• _RAW DATA_
━━━━━━━━━━━━━━━━

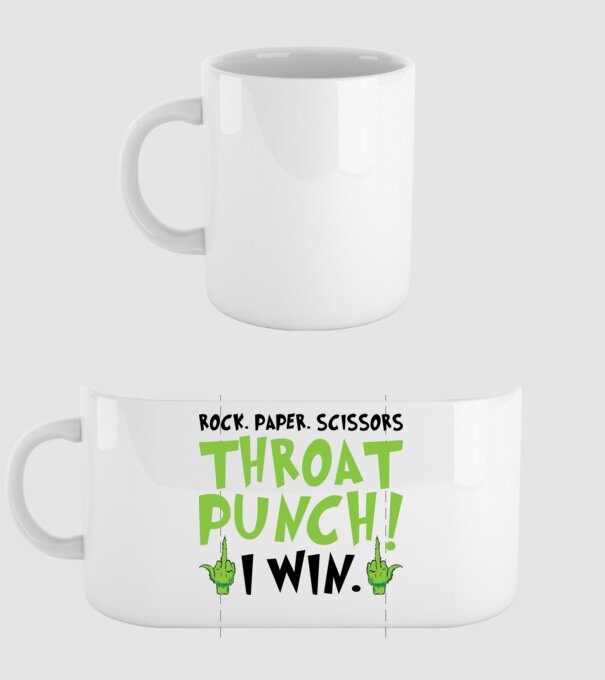 Rock paper scissors - Grinch model alb pe tricou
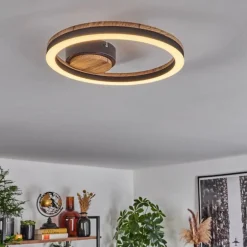 Plafonnier Cascada LED Brun, Couleur bois, Noir, 1 lumière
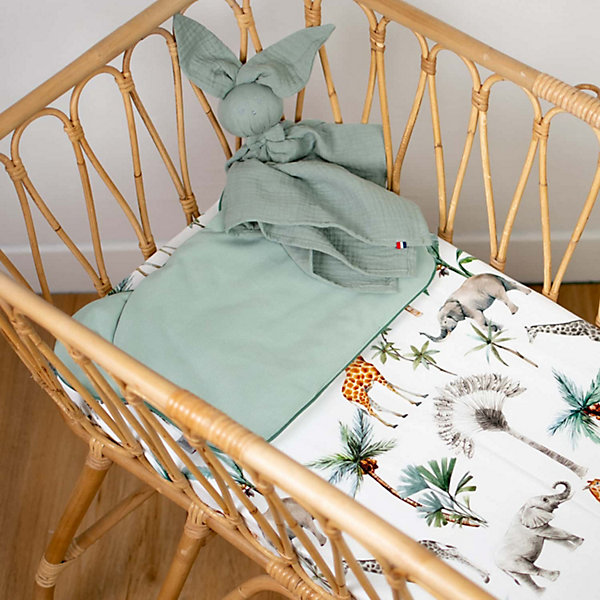 Drap housse berceau en coton Safari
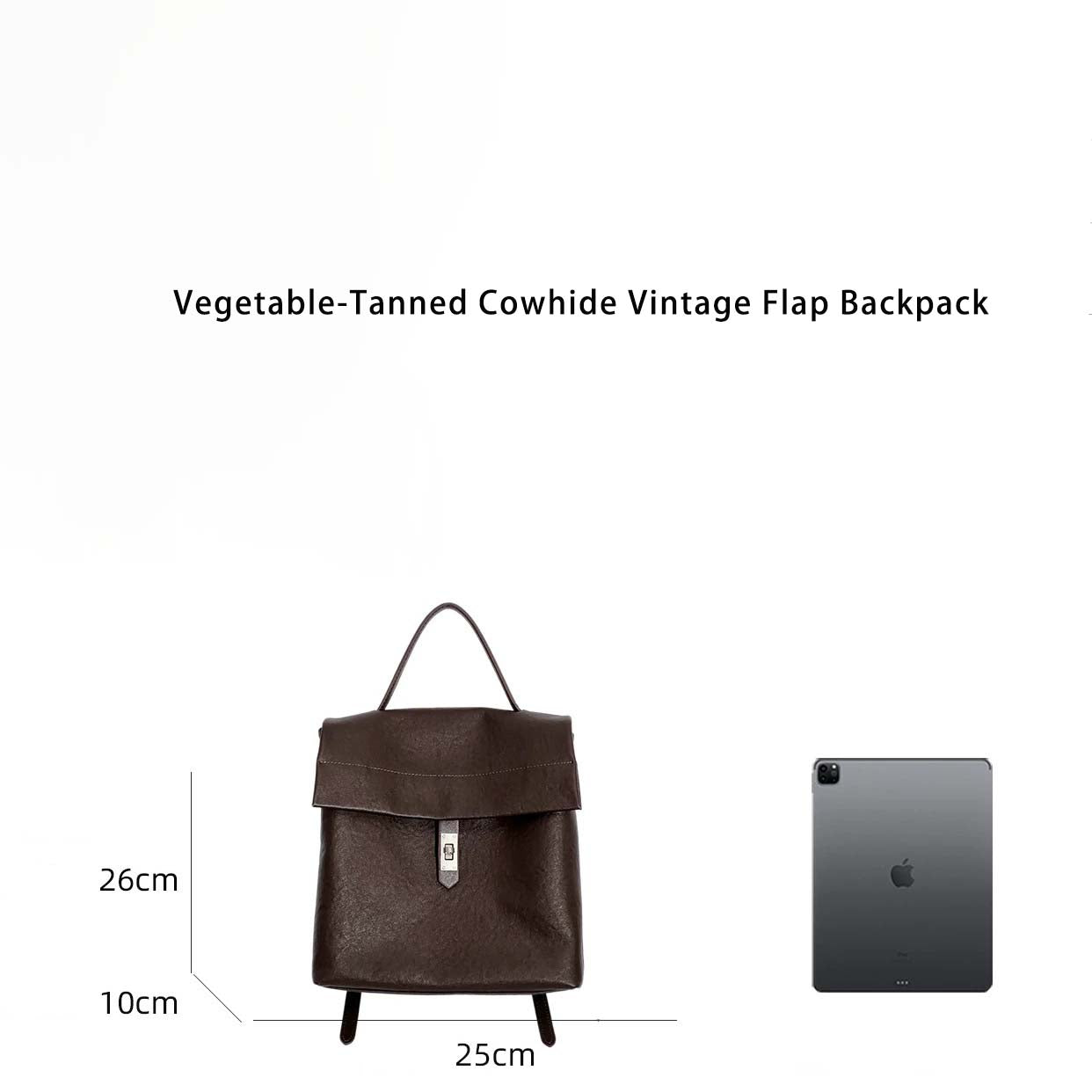 Vegetable-Tanned Cowhide Vintage Flap Backpack detail image 1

━━━━━━━━━━━━━━━━

• _TASK TO COMPLETE_
Please give back the material above exactly as written, pictures omitted.

• _WRITTEN ANSWER_
 Rock paper scissors - Grinch model alb pe tricou
 Plafonnier Cascada LED Brun, Couleur bois, Noir, 1 lumière
 Drap housse berceau en coton Safari
 Vegetable-Tanned Cowhide Vintage Flap Backpack detail image 1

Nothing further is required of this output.